Experiencing God in this Holy Present


flickr-sculpture-worship-kissAt my work, we recently had a training on mindfulness. Now, before you roll your eyes, it was maybe my favorite work training I’ve ever done. It was engaging, practical, and participatory like few trainings are.

Anyway, “mindfulness” is the fancy word used to describe a “non-judgmental awareness of the present”. It’s heightening your senses and calming yourself in order to fully inhabit the present without analyzing it, mulling it, or needing to evaluate it. For those of us with anxiety issues, it really is an amazing way of centering and calming oneself, as well as separating oneself from the internal busyness–at least for a moment.

Another way of putting it is that it is radical present-ness. It is letting this very moment not be merely something you’re passing through as a bridge from the moment that has passed and into the moment that is not yet here. It is to fully inhabit the moment you find yourself in, and let the future come to you rather than anxiously trying to run towards it.

Not gonna lie. It was very spiritual to me. I felt more in tune to God and it got me thinking about how we mystically experience Him in our everyday lives.

When an Atheist talks about this hard-wired human sense to feel the “Numinous”, it often carries with it the sense that it rises from within us. When a lot of Christians talk about meeting the Divine, it often sounds like a presence that comes pointedly at us from outside of us. I’m starting to think that neither of these is right.

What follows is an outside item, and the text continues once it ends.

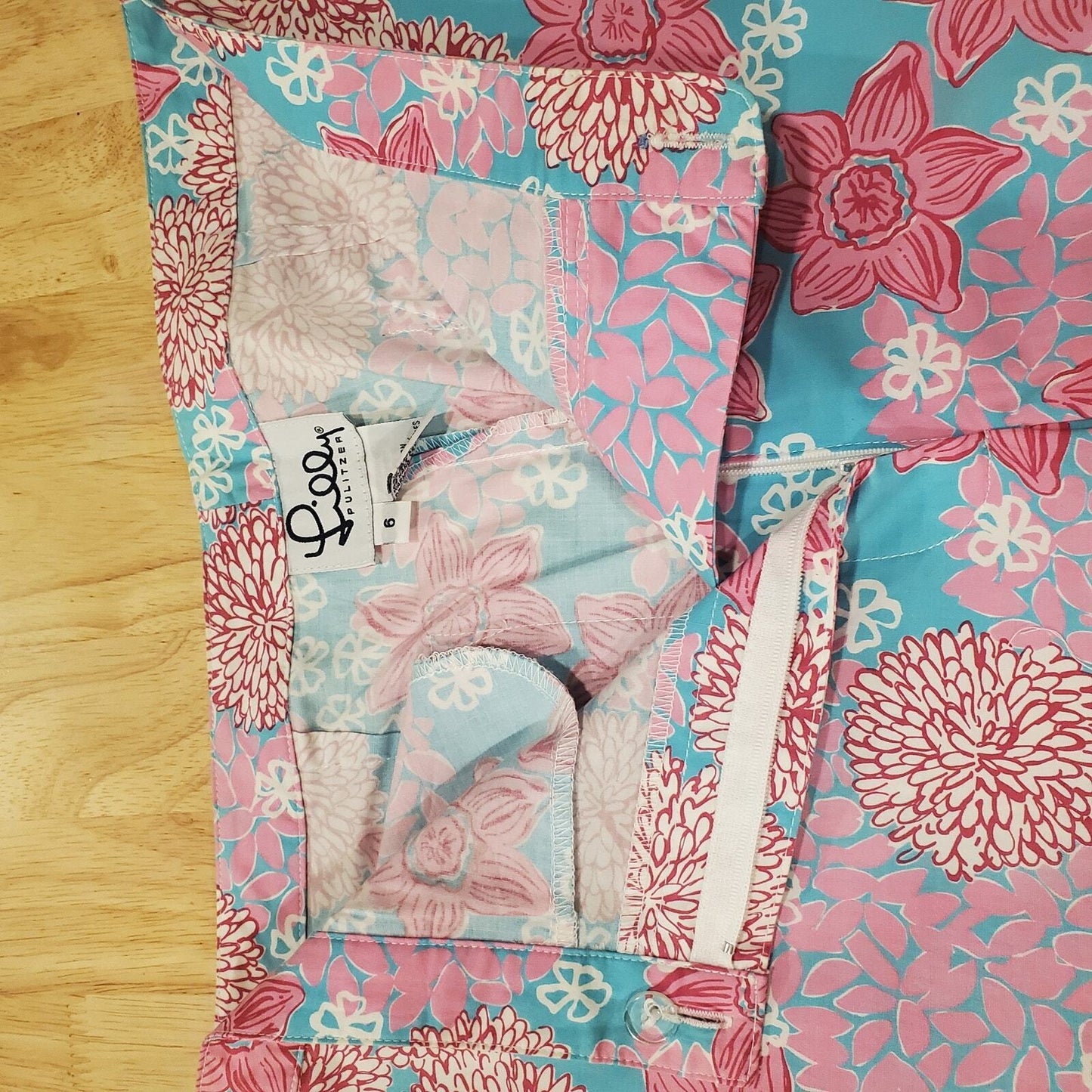 Lilly Pulitzer Pink & Blue Floral Print Woman's Size 6 Pants 32" Waist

These Divine Numinous experiences are always, I would argue, moments of intense mindfulness–radical present-ness–where all other things fade away and there’s only this particular moment. Our moments of greatest awe, ecstasy, and mysticism are all experienced as singular moments that are being experienced right then.

This is why, no matter how intense the experience, thinking about it years later doesn’t produce the same high. Also, anticipating how some future experience or moment might feel always has a completely different quality from what the experience is actually like when you have it.

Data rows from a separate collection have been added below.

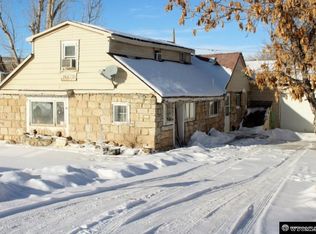 1028 Amoretti St, Thermopolis, WY 82443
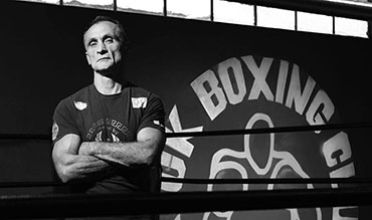 Έφυγε από την ζωή ο σπουδαίος Γιάννης Κακαράκης, ο Δάσκαλος των Πρωταθλητών στο Kickboxing !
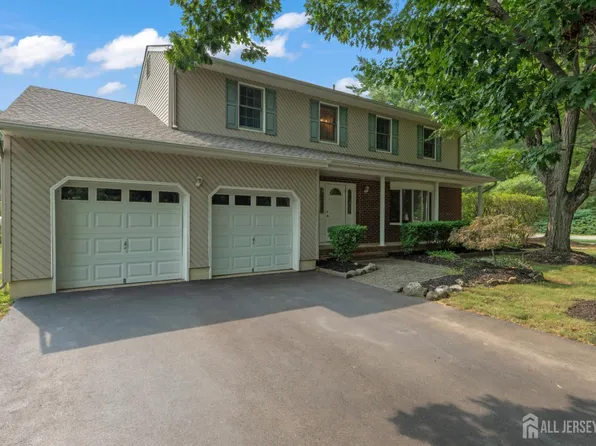 9 Van Arsdale Ct, East Brunswick, NJ 08816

Here’s my point: the Divine is always found, felt, and known most fully in the present.

Now don’t misread that statement. I did not say that the Divine meets us in this place called “The Present”. I said that the Divine is in the present–not as a person in a room, but rather as a soul in a body, or Divinity in the human Christ, or the True Presence in Eucharistic bread.

Experiencing the Divine is not like a fire that rises up inside of us, or a Holy Spirit “arrow” we hope and pray God decides to shoot at us. Rather, the Divine is the very substance of the Present that we need only inhabit.

Too often, Christians have based their entire mystical relationship with God on the past or future. On one hand, many dwell exclusively on the Cross, the Bible, and the past works of God, thinking that these are the doorways into God’s presence. This is way too cognitive. Or, they think so much about where things are going and how God might be leading them in the future, hoping that it’s in their obedient pursuit of what’s to come that God will be known. This is far too mechanical and manipulative towards God.

It’s no surprise, then, that in modern Evangelicalism, God isn’t often experienced tangibly and personally.

Jesus was God’s future breaking into the Present. He was, as Paul calls him, “the firstfruits of the New Creation”. He ushered in a process by which the World to Come–God’s Future–is always flooding our Present to ever-increasing degrees.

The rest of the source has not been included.